As per my usual pre-birthday ritual, I panicked a bit. I always worry that between one day and the next, there will be some massive change. That things will get drastically worse simply because I’ve celebrated another year of my life. There was a period of time when I wasn’t wrong–things felt like they just kept going from bad to worse, and my birthday was always right in the middle of it. And then there was a period of time when I was wrong–things were okay. More than okay, often.
Actually, I’m still in that period now, where things are more than okay. And I’m in another period where my birthday celebrations last for more than just one day. (I particularly enjoy these more-than-one-day celebrations because they take the pressure off of trying to make my actual birthday a good day.) My birthday week involved an evening with a friend from New Zealand, a weekend with two of my old roommates from Ireland, dinner with family, a baseball game with my father, another dinner with family, and more birthday wishes than I could count.

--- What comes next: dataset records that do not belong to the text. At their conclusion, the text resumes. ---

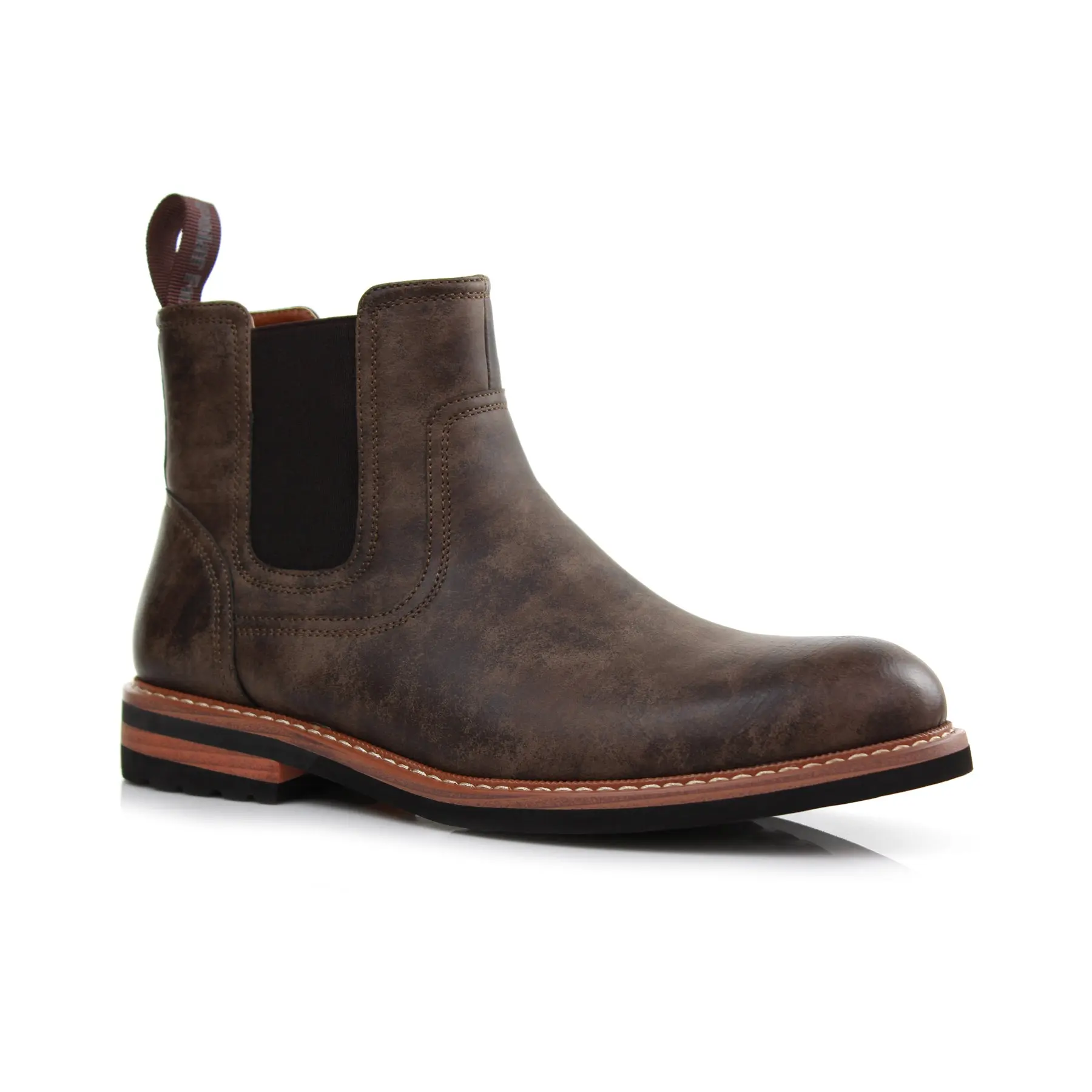 Polar Fox Duncan classic plain-toe bulk chelsea boots, in Chestnut, Men's Size 6.5 - 13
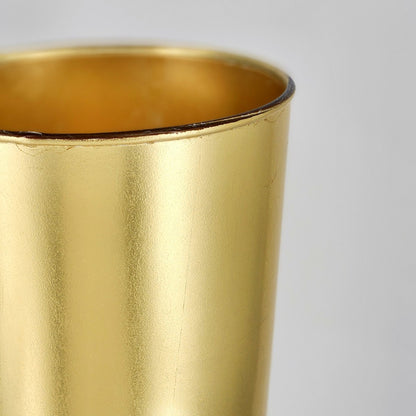 IRIS 16" Solid Gold Gilded Glass Taper Vase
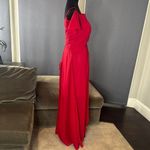 Red Chiffon Off the Shoulder Formal Bridesmaid Dress Corset Back Size 10 NWOT Photo 3
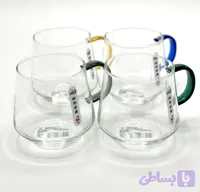 ست لیوان پیرکس دسته رنگی مارک Deli حجم 400 میل دسته رنگی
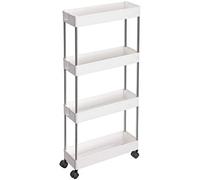 Chariot de rangement coulissant à 4 niveaux SONGMICS 40 x 13 x 86 cm, Blanc KSC08WT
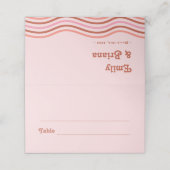 Retro Rood en Roze Boho Disco Bruiloft Plaatskaartje (Buitenkant ongevouwen)
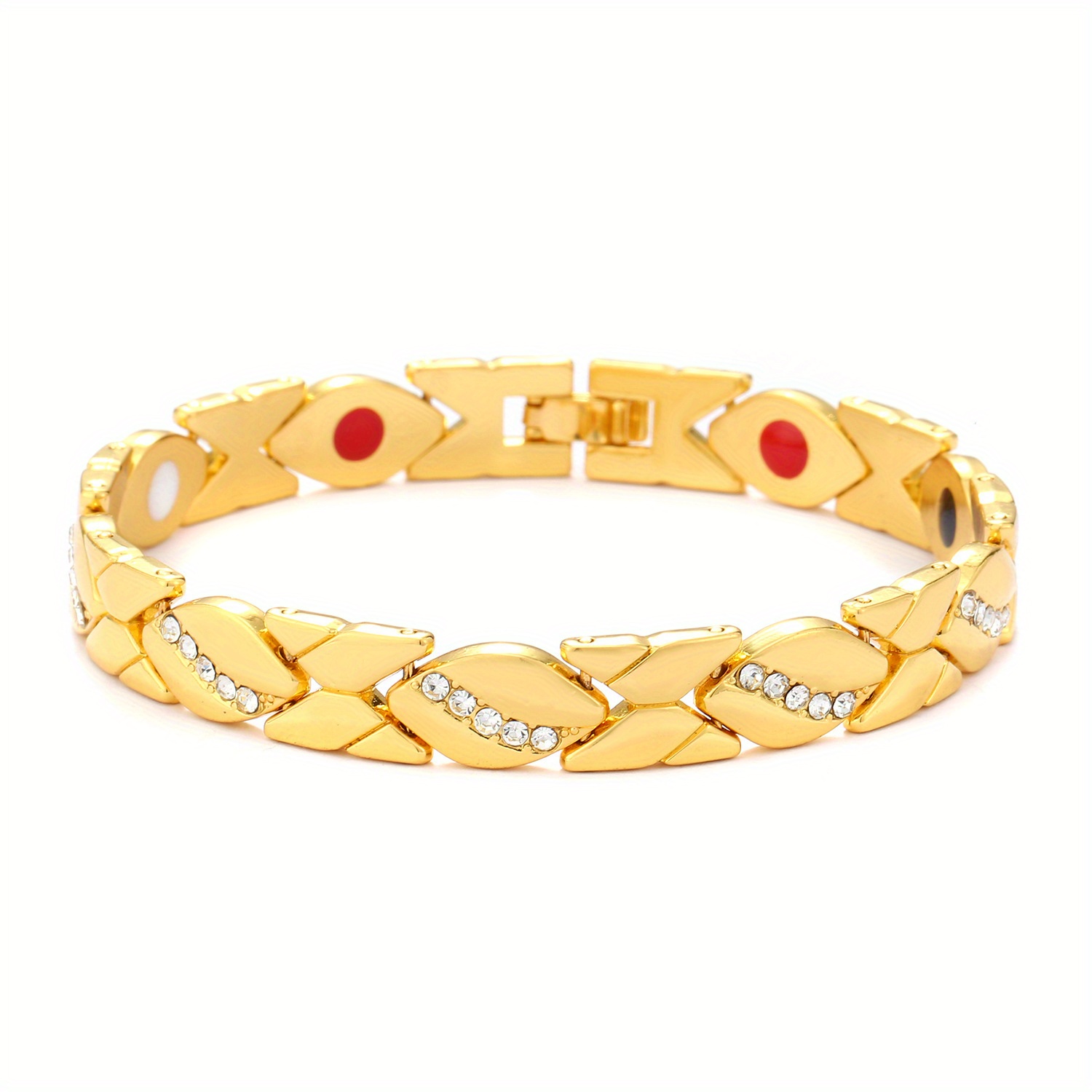 Men's Leaf Magnetic Bracelet with Diamond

So far into this new year, there has been laughter–more than I remember having in my life before. I don’t think that’s actually the case though. There is usually quite a bit of laughter (often thanks to my hilarious friends). Laughter is so important because it makes things better–easier, sweeter, more enjoyable, more full, and, of course, funnier. And with everything else that life brings–pain and grief and loss–laughter is absolutely necessary. The belly-shaking, stomach-aching, knee-slapping, eye-tearing kind that has you rolling on the floor or falling out of your seat, and eventually it wears you out. A night full of laughter makes things okay. It helps keep us young and in the moment. What does living in the moment have to do with staying young though? It can be far less stressful to live in the moment. To make choices day by day instead of trying to map out a ten year plan. To enjoy what you have instead of constantly wishing for more.
Age is a number, one that many people get easy wrapped up in. There is an overall obsession with age. Accomplishing certain things by this age or gaining success by another age. Being too young or too old. I know that I worry about it often as well. Have I done enough for my age? Should I have done more earlier, or is it okay to be one or two steps behind? But it is crazy. So you’ve been alive for so many years and you’ve accomplished so many things and you’ve hit so many milestones… But how old are you really? Are the years you have been alive the only marker that represents you? And how do your years compare to someone else’s? They don’t.

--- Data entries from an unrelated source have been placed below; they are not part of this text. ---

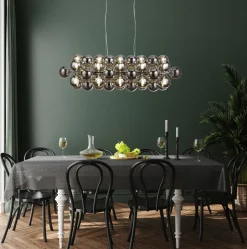 Searchlight Pendelleuchte groß B: 100 cm 25x G9 Rauchglas Kugelschirme< Hängelampen|Bürolampen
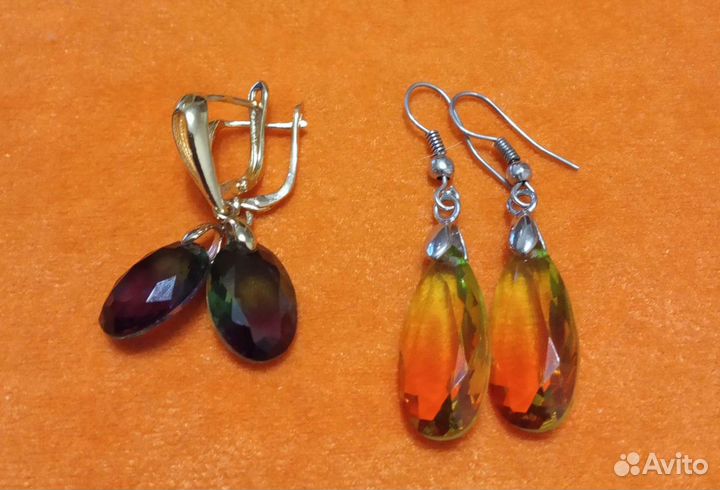 Бижутерия - серьги и бусы разные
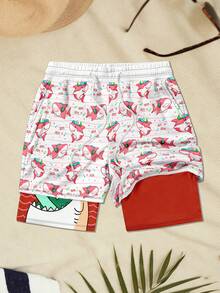 Men's Funny Shark Print Breathable Double-Layer Beach Shorts - Red - View 2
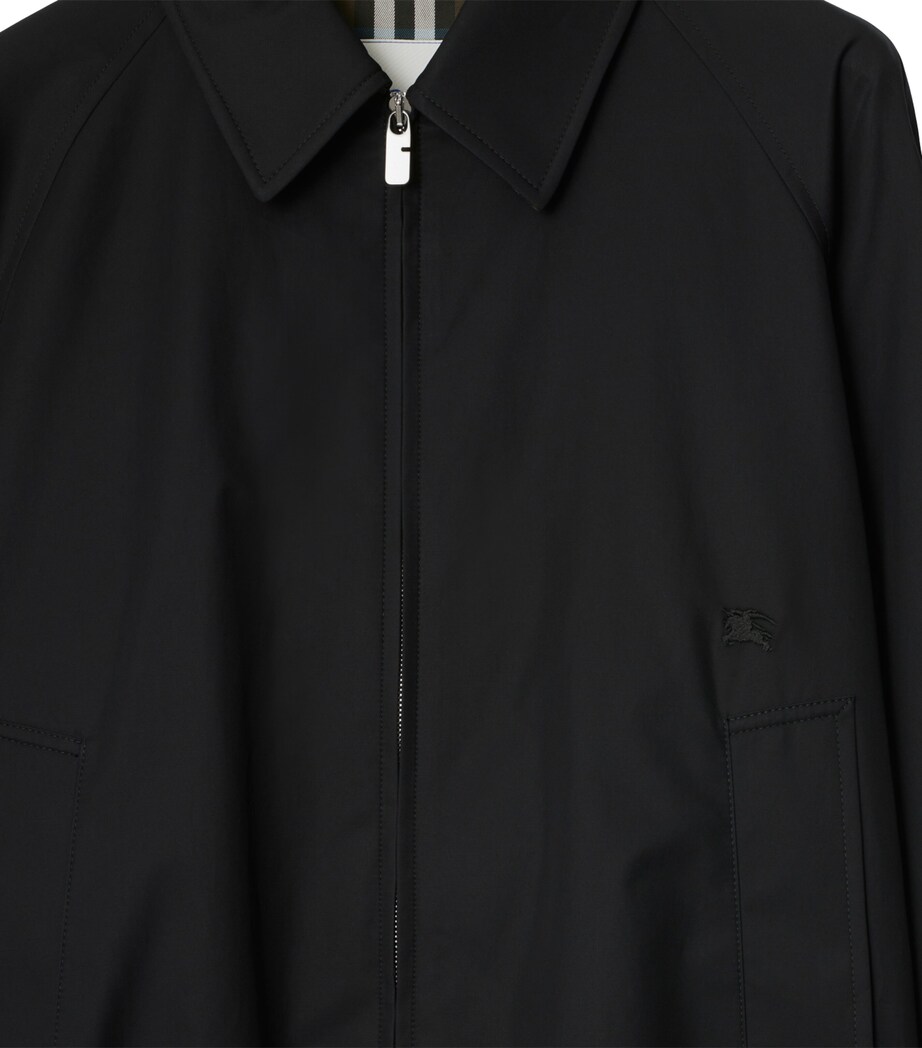 Burberry Mens Cotton Gabardine Chester Harrington Jacket Black Image 6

What really counts, I believe, are how old your mind, your body, and your soul are. The “ages” of each of these things do not always correspond. You can have an old soul, but a young body and mind. An old body with the mind and soul of a teenager. A wise, old mind with the soul and body of a college student. Whatever your age, it is important to treat each part of you appropriately: to challenge and teach your mind; to nourish, grow, and strengthen your body; to brighten and expand your soul.
At the end of the day, your years on this earth will not make or break you. It is what you do with your time that counts most, but remember–there is no deadline or limit to when you need to check things off of a list. In my new year, I want to take my time. I want to explore and learn more. I want to make myself a better person. I want to write, to dream, to be.
What will you do with your new year?